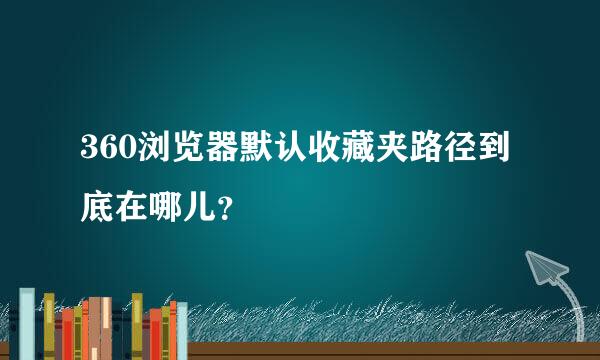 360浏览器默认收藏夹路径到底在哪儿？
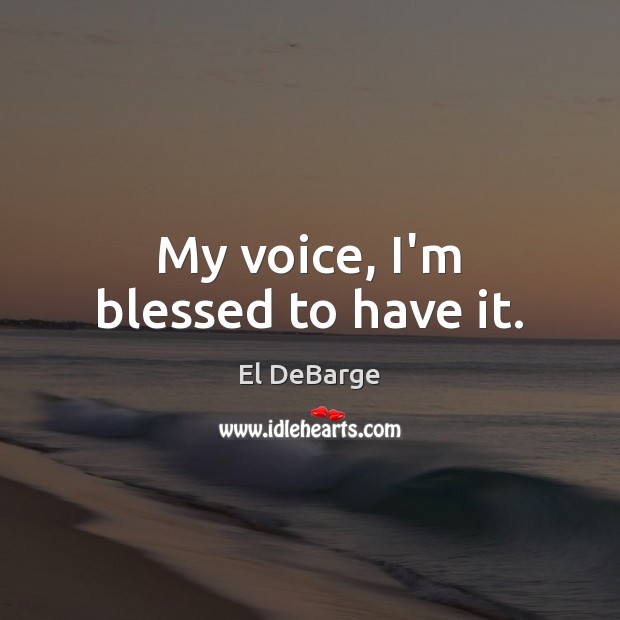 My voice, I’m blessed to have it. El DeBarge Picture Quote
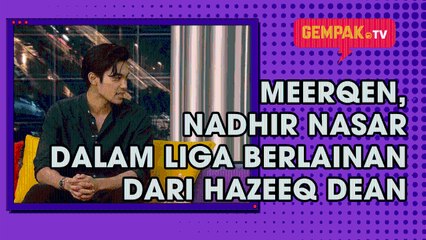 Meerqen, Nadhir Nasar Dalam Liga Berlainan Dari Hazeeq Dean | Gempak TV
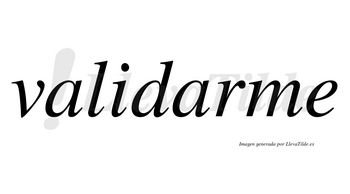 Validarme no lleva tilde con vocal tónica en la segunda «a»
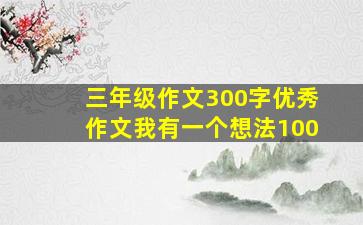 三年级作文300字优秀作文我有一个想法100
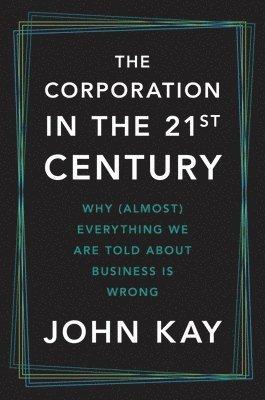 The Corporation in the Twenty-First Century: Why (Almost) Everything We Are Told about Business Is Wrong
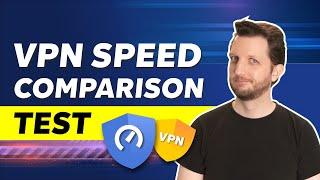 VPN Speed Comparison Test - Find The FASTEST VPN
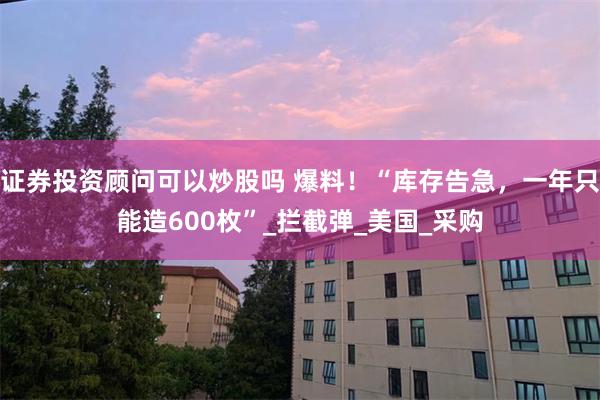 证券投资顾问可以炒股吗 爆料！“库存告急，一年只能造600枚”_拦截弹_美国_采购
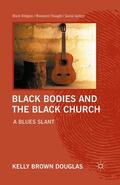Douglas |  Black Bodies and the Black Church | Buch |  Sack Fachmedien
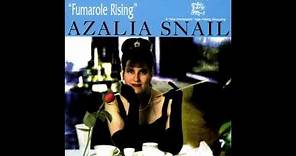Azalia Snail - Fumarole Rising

* * *

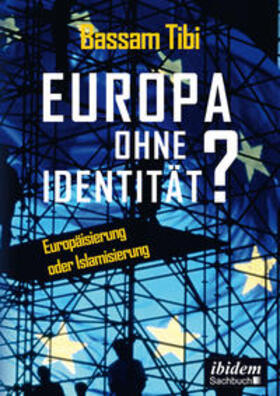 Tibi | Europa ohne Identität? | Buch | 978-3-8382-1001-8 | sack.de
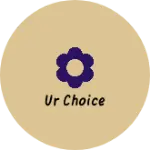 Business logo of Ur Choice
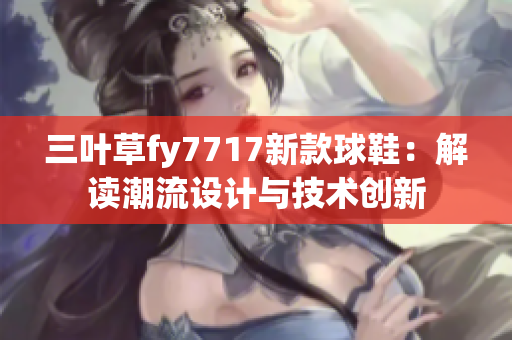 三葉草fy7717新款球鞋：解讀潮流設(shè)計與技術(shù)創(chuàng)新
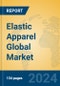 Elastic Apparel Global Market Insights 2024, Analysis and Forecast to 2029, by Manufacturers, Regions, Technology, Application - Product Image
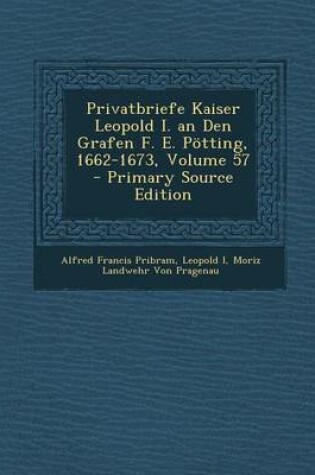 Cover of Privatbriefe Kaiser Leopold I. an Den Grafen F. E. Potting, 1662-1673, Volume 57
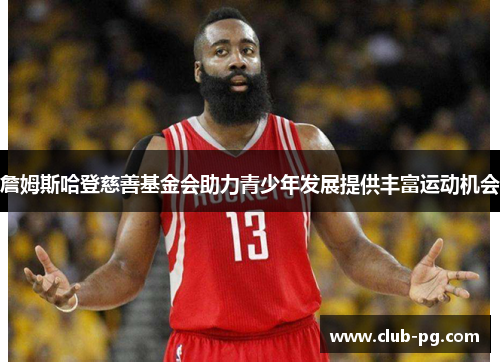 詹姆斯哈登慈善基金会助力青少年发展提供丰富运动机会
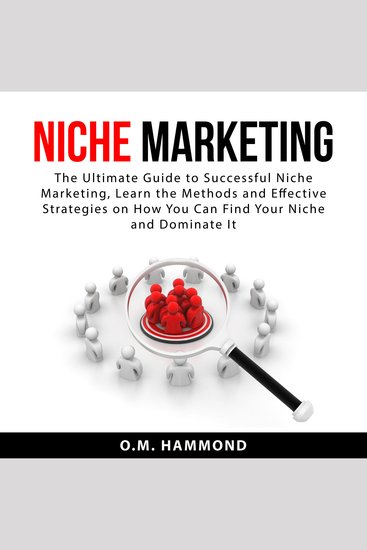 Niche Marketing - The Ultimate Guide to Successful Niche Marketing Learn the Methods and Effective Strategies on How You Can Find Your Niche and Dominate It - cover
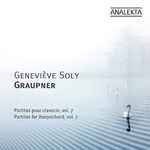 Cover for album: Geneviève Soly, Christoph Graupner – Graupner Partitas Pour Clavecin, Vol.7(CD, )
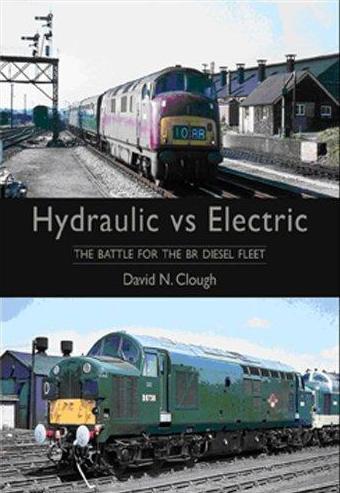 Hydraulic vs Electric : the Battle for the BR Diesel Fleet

---

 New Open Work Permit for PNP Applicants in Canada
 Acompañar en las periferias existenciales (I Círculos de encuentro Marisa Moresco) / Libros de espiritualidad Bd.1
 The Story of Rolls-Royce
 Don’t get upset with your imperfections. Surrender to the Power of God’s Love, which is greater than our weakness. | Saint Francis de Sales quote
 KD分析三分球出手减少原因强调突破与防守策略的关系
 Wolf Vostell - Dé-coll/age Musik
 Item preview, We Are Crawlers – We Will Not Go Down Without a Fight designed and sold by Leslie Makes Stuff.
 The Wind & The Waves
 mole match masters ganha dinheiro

GOAL OF THE EXERCISE: In the data above, take the line with "证券投资顾问可以炒股吗 爆料", the line with "Azalia Snail - Fumarole Rising", and every line between, and set them down exactly without pictures.

RESPONSE FOR THIS EXERCISE:
 证券投资顾问可以炒股吗 爆料！“库存告急，一年只能造600枚”_拦截弹_美国_采购
Douglas |  Black Bodies and the Black Church | Buch |  Sack Fachmedien
Azalia Snail - Fumarole Rising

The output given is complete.